● **EXERCISE BRIEF**: Would you restate each line of the data below word for word, without its pictures?
══ RECORD SET
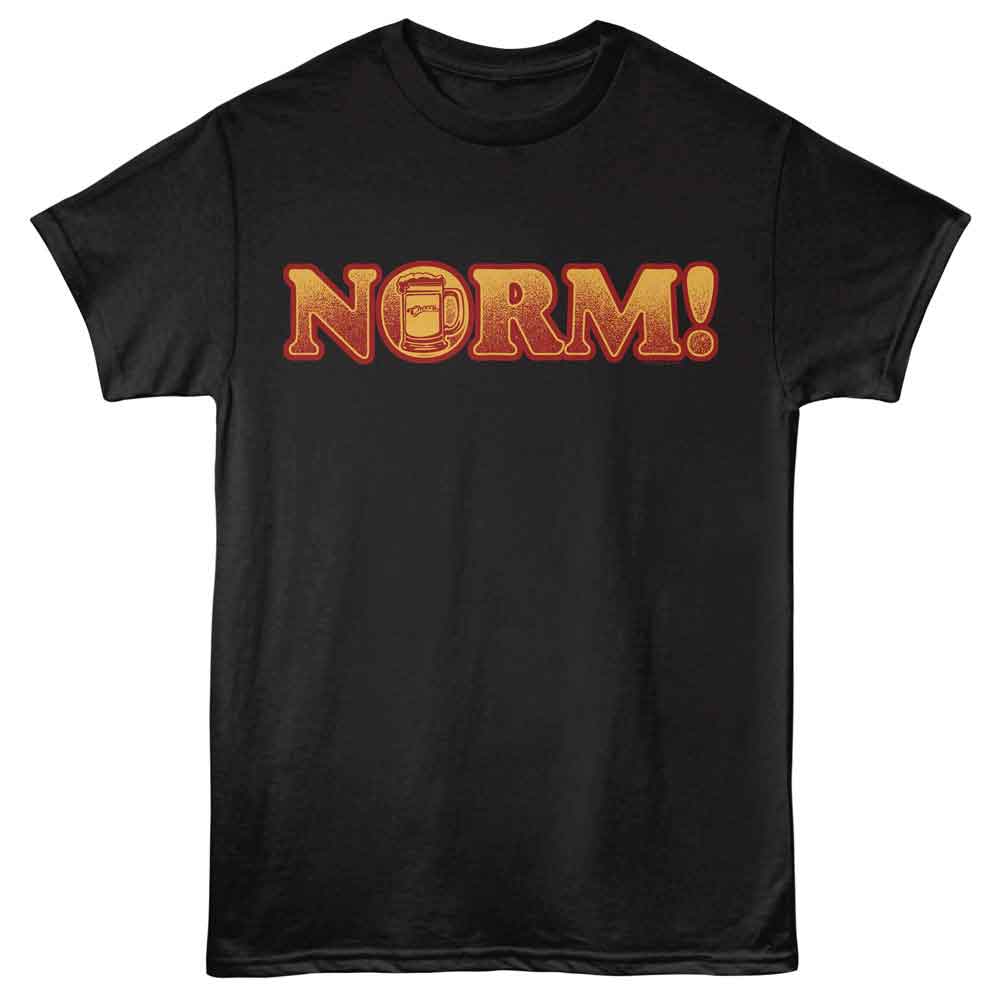 officially licensed Cheers Norm black t-shirt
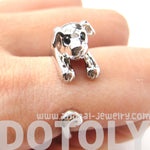 Puppy Dog Animal Wrap Around Ring in Shiny Silver | US Sizes 4 to 9 | DOTOLY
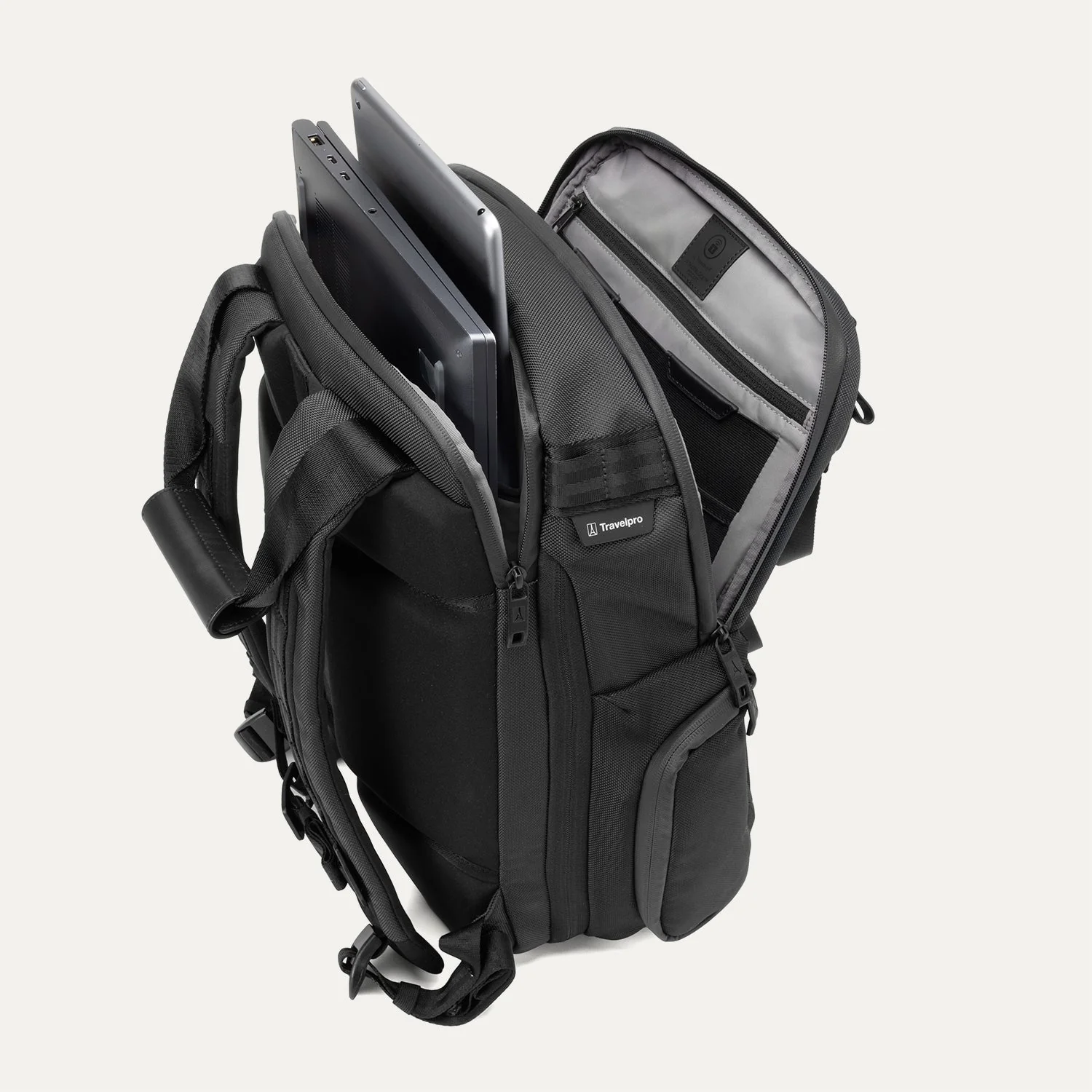 Travelpro® Altitude™ Medium Expandable Laptop Backpack 25-30L- Stellar Navy/Grey - Image 15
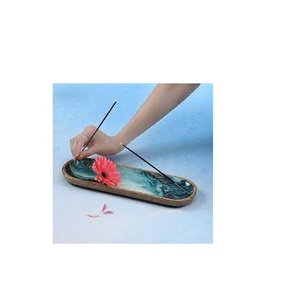 Porte-encens imprimé étoile d'encens en bois naturel pour forme de pâte pour produit de grande taille et fait main - Product Image 3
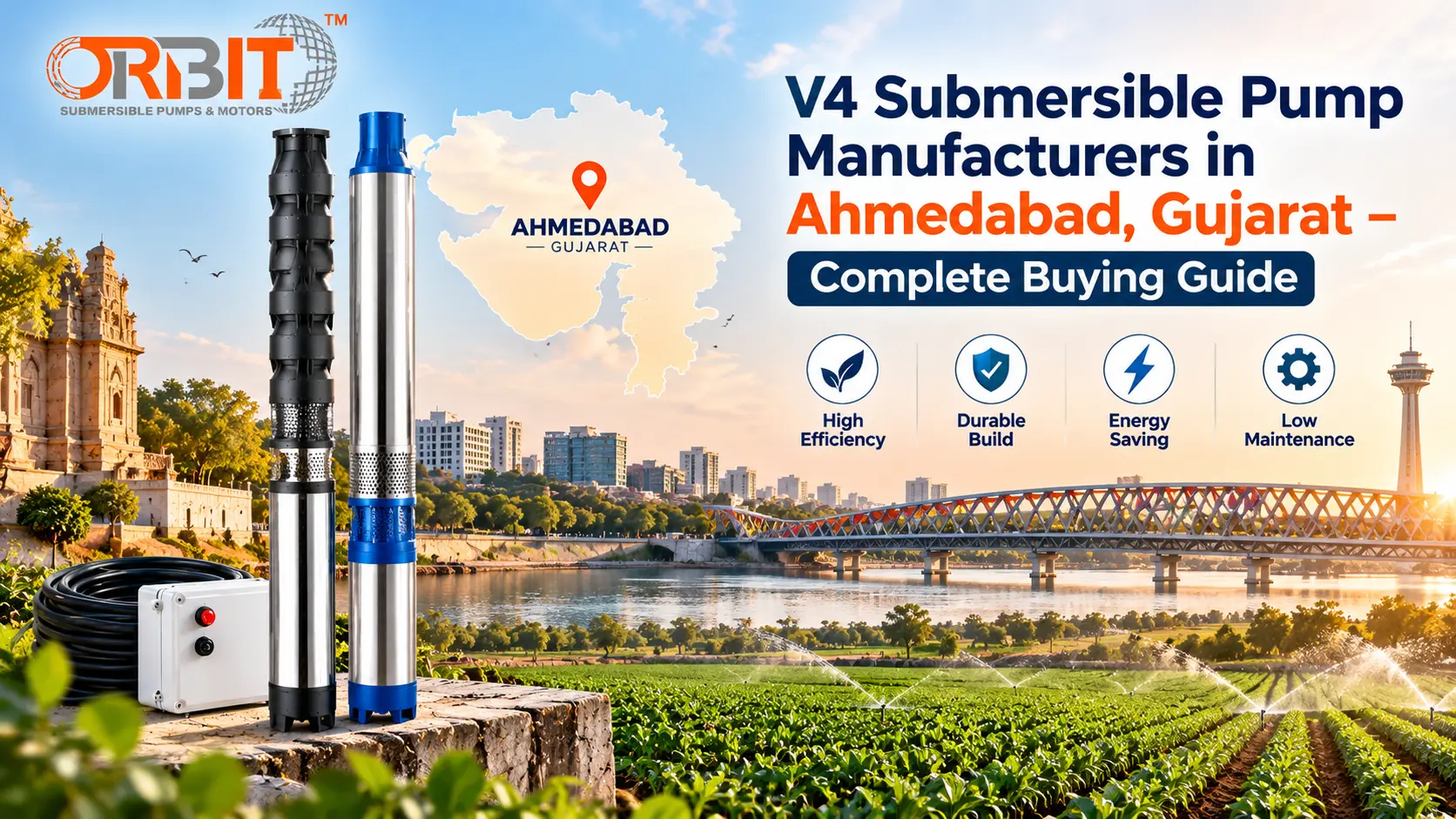 V4 Submersible Pump Manufacturers in Ahmedabad, Gujarat – Complete Buying Guide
════
● **EXPECTED OUTPUT**:
 officially licensed Cheers Norm black t-shirt
 Puppy Dog Animal Wrap Around Ring in Shiny Silver | US Sizes 4 to 9 | DOTOLY
 Travelpro® Altitude™ Medium Expandable Laptop Backpack 25-30L- Stellar Navy/Grey - Image 15
 Porte-encens imprimé étoile d'encens en bois naturel pour forme de pâte pour produit de grande taille et fait main - Product Image 3
 V4 Submersible Pump Manufacturers in Ahmedabad, Gujarat – Complete Buying Guide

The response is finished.